» **WHAT YOU HAVE TO DO**: Up to and including the line with "But in physics, we", write out the listing from its first line, minus the pictures.

» **DATA SECTION**:
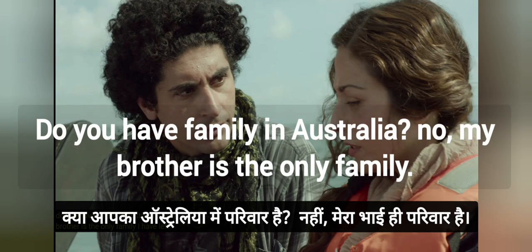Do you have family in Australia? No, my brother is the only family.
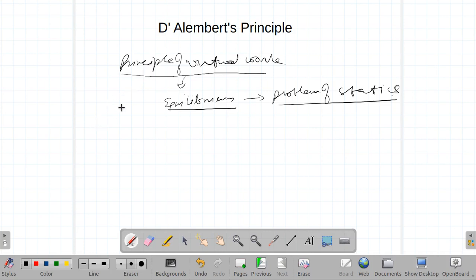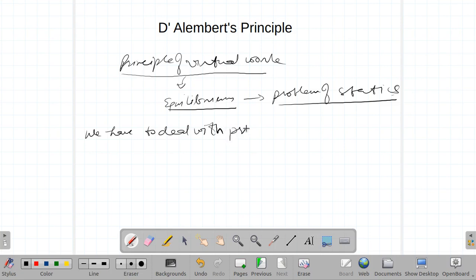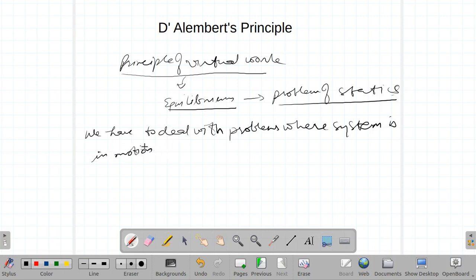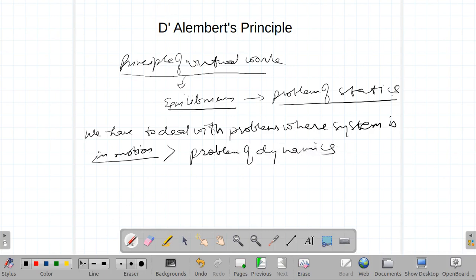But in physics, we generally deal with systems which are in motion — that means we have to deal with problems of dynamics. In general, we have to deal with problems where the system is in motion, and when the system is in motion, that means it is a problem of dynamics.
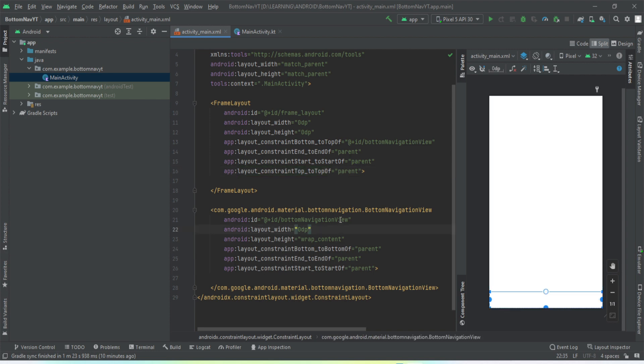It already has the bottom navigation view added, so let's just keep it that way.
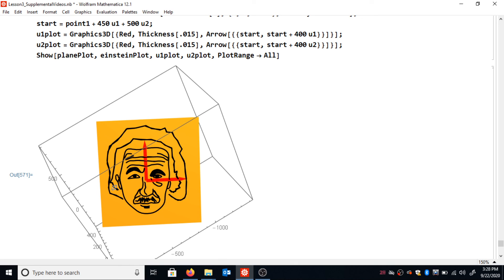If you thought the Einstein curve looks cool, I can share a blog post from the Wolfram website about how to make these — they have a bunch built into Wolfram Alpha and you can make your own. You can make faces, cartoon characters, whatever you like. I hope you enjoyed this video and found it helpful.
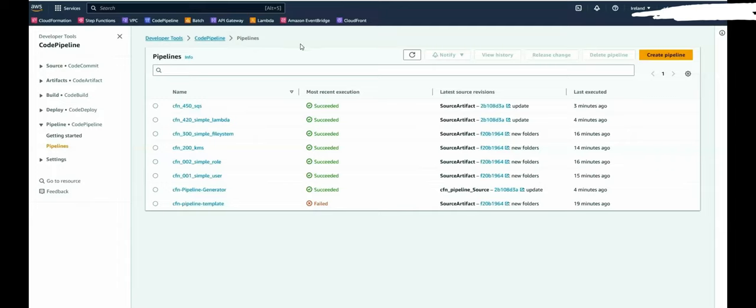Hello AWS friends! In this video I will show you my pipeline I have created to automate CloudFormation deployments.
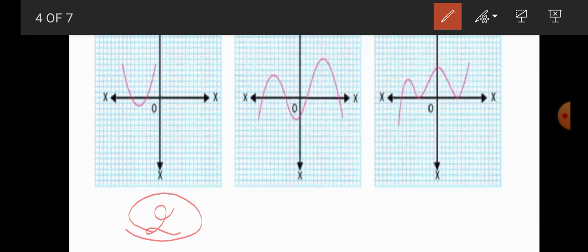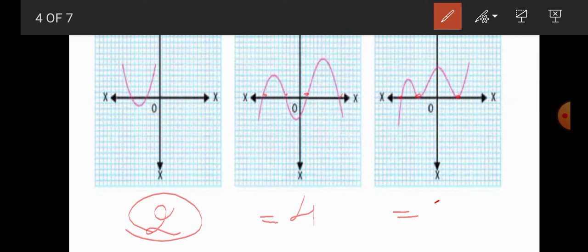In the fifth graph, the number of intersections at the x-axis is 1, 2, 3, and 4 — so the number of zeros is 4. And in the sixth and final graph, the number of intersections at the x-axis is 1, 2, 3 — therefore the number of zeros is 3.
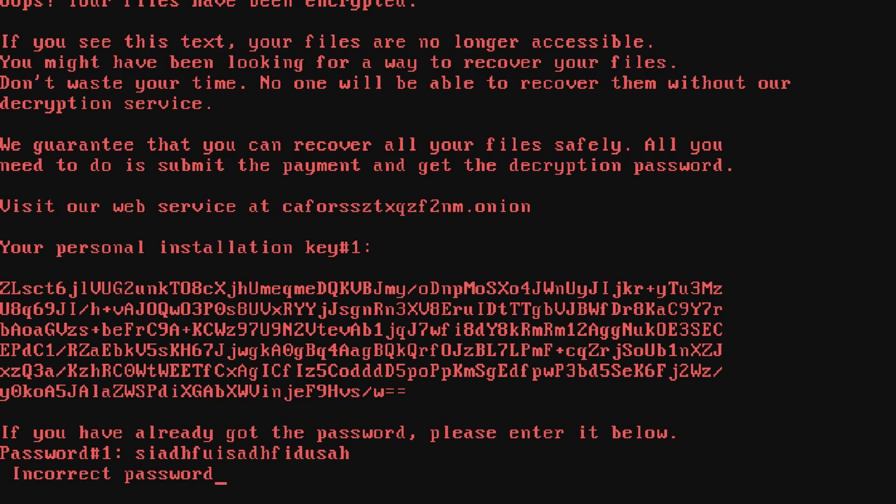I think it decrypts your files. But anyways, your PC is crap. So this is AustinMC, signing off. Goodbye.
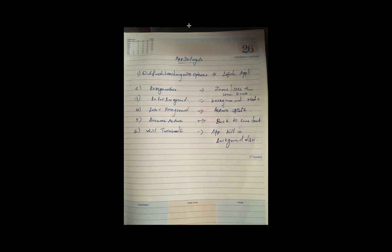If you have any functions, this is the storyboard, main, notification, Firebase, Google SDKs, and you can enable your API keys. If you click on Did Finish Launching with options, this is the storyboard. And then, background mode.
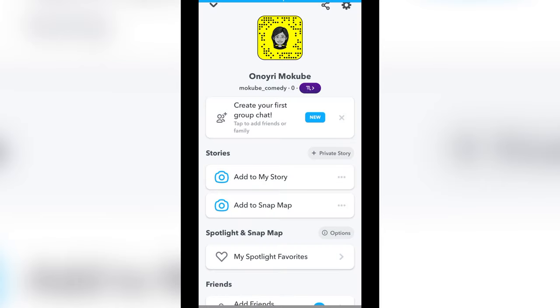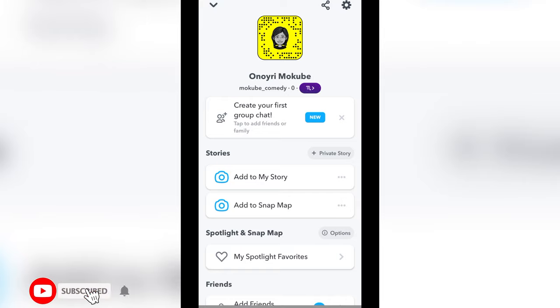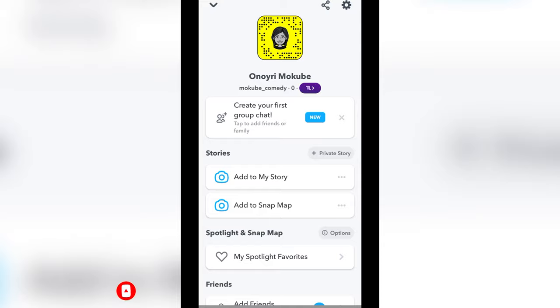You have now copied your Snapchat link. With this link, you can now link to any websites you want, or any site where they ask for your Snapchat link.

» **WRITTEN SOLUTION**:
Do you have family in Australia? No, my brother is the only family.
But in physics, we generally deal with systems which are in motion — that means we have to deal with problems of dynamics. In general, we have to deal with problems where the system is in motion, and when the system is in motion, that means it is a problem of dynamics.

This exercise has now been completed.